In spite of the rural origin of the veneration for the cherry trees, the use of enjoying views of the blooms while writing poems, playing music and drinking sake, was typical of aristocratic ambiences as it was the case for the imperial court during the Heian period, namely when art was one with life. The first hanami was established by the Emperor Saga (786–842) after eradicating a plum tree from the garden of the Imperial Palace and replacing it with a cherry tree. The term hanami itself is for “looking at (mi) the flowers (hana)” and was first reported in the Genji Monogatari authored by the lady-in-waiting Murasaki Shikibu (XI century). From the Heian eve on, the word hana, previously adopted in poetry to specifically refer to a plum blossom (see, for example, the Man’yōshū, second half of the eight century), was moved just to mean cherry blossom, thus becoming the flower par excellence.

Yōshū (Hashimoto) Chikanobu, Cherry-blossom Viewing, from the Series Chiyoda Inner Palace, 1894

The use of contemplating cherry blossoms in springtime had spread later especially through the samurai who, because of being exposed to the peril of losing their lives, adopted that short-lived bloom as a symbol of an uncertain and transitory existence. The samurai thought that the pink colour of that flowering was evocative of the blood shed in combat by themselves.

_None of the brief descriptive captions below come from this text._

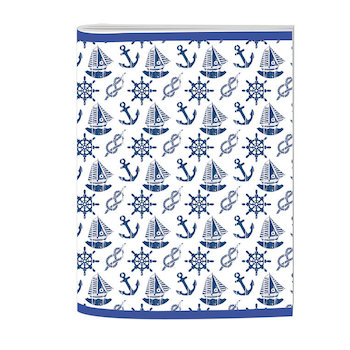 Sešit A5 linkovaný 564 60 listů Trend Kotvičky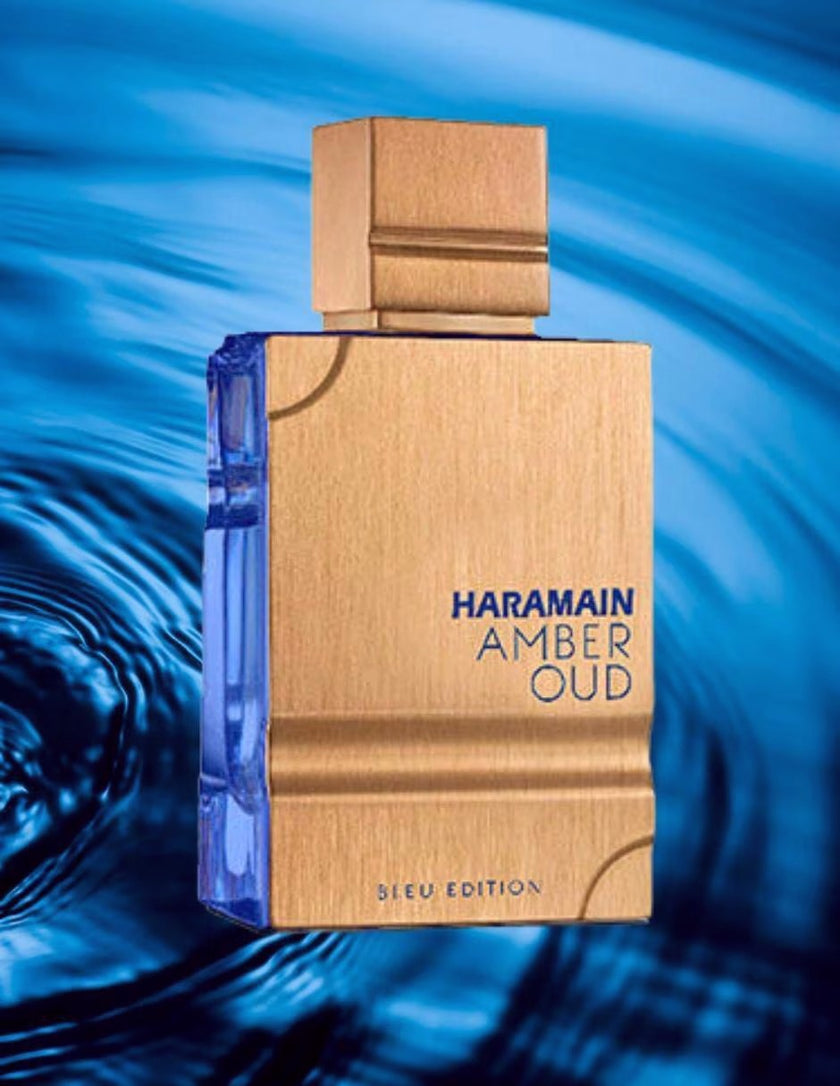 Al Haramain Amber Oud Bleu Edition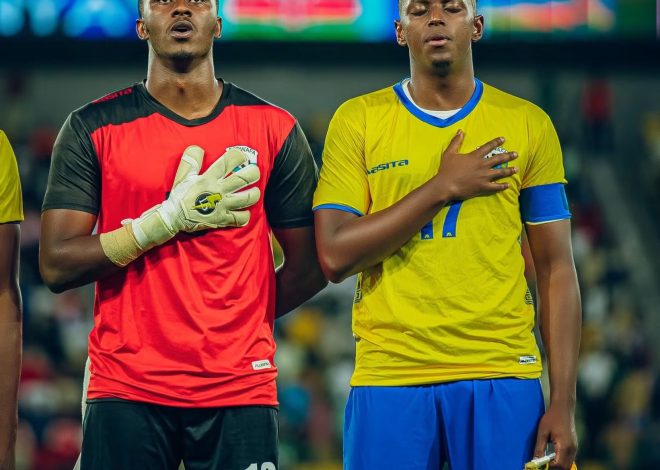 Rwanda’s Unstoppable Run Ends at Five as Kenya Hold Amavubi to a Draw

Finally, the cherry epitomized the virtues that the samurai had to cultivate, that is, simplicity, purity, delicacy with the weak and a willingness to let oneself go at the right moment, that is, to die with courage and dignity (bushidō).

Reiji Hiramatsu, Prayer of Japan, Cherry Blossoms, 2012, Yugawara Art Museum

It was in the Edo period (1615-1868), during which art and life had to be democratised, that the hanami crystallised in the meaning we ascribe to it now, namely as a public, collective ritual of enjoying the sakura between food, music and dance. This also by courtesy of the shōgun Tokugawa Yoshimune (1684-1751), who planted cherry blossom trees in Edo, thus creating splashes of pink colour against the grey background of the city, a spectacular visual contrast which is still admired today by locals and crouds of visitors.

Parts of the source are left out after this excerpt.